What is $\lambda_{max}$? Is it the maximum eigenvalue? If so, I'm unsure about the assumption used in the proof of theorem 3.1 about the ratio of $\lambda_{max}$. There is an additional layer in the network from which the jacobian is computed in the numerator, thus the Lipschitz constant of the numerator is greater than the one of the denominator, making the ratio greater than 1. Does the remaining of the proof holds with this?

Response: We have updated the mathematical formulation of the theorem to be consistent with the revised assumptions. In the new version of the theorem, we employed a proof by contraposition to establish its validity. We believe these modifications greatly contribute to the clarity and accuracy of our work.

The proposed approach is interestingly the opposite of YOPO [1], can the authors develop on the link and differences regarding this method ?

Response: We believe this seeming contradiction is due to differences between vision and text domains. In Section G (Figure 6) of the revised paper, we present the measured intrinsic dimensionality of the ViT model which is noticeably different from that of text models. In fact, our approach suggests that the optimal layer $l^*$ for the ViT model would be the initial layer due to the increasing ID. We have incorporated this clarification into the paper to provide a more nuanced understanding of the relationship between layer-wise behavior and robustness.

Typos

Response: We corrected typos. However, in Eqs. 4 and 10 (old Eq. 9), we define an AE to be off-manifold in any layer, and not in all of the layers. Therefore, we kept $\exists$ notation instead of $\forall$.

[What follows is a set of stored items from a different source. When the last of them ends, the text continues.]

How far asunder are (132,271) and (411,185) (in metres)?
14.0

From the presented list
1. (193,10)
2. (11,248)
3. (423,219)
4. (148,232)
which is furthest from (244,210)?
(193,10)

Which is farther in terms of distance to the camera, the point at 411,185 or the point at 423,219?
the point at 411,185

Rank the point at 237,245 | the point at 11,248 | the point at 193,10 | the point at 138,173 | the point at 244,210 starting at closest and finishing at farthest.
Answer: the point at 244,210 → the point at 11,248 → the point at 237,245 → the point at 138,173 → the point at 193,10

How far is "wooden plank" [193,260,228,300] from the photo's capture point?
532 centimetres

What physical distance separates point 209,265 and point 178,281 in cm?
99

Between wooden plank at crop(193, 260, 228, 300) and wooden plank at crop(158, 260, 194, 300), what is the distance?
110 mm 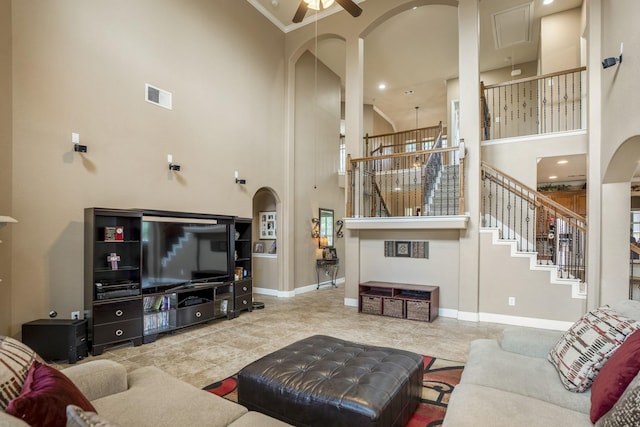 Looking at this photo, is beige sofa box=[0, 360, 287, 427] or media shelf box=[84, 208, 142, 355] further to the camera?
media shelf box=[84, 208, 142, 355]

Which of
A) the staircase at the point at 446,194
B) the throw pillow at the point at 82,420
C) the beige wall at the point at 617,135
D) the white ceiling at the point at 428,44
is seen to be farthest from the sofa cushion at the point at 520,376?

Thank you for your time and suggestions.

Argument about the manifolds between the layers is not very clear to the reader.

Response: We revised our statement in Section I (next to last paragraph on page 2) to better clarify the manifold relation between layers.

Results on Table 1 are difficult to interpret. I would suggest just to boldify the best result for every attack in each dataset without having any underlined results.

Response: The best results in Table 1 are in bold.

I believe that the method is probably not very novel or of high contribution.

Response: We would like to emphasize that the novelty of our method lies in (i) the discovery that the intrinsic dimensionality of internal representations in fine-tuned decoder models monotonically decreases and that, in this case, (ii) applying AT in the higher layers covers all the AEs from the previous layers and offers better robustness than applying AT in the initial layers. This justifies (iii) applying PGD-based adversarial training to only to the last layer. Our method not only improves robustness and generalization capabilities but also achieves these improvements at a significantly lower computational cost compared to state-of-the-art methods. In our revision, we have extended our experimental analysis to include more tasks/datasets, thereby reinforcing the efficacy of our method.

Have you conducted any experiments where you use adversarial examples generated from other layers instead of the only the last one. Sometimes theorems and experiments can provide very different outcomes.

Response: As part of our revision, we conducted additional experiments focusing on the application of adversarial training to intermediate layers. The outcomes of these experiments are presented in Figure 4 of the revised manuscript. In agreement with our hypothesis, the results demonstrate a reduction in robustness when the adversarially trained layer is closer to the input layer, and the best robustness is achieved in the last layer.

I read the limitations at the end of the paper. Although this is not in the scope of this work I would suggest to still try this method with image data.

Response: We extended the application of our method to (i) vision and (ii) LLM domains. To achieve this, we evaluated the intrinsic dimensionality of the ViT model and the quantized LLAMA-2 7B model. Comprehensive details about these models and the outcomes of these experiments are presented in Appendices G and H. Our findings reveal that both models have non-monotonic variations in intrinsic dimensionality. We further applied SMAAT to both models to test our hypothesis. We did not observe enhanced robustness, as expected by our formulation.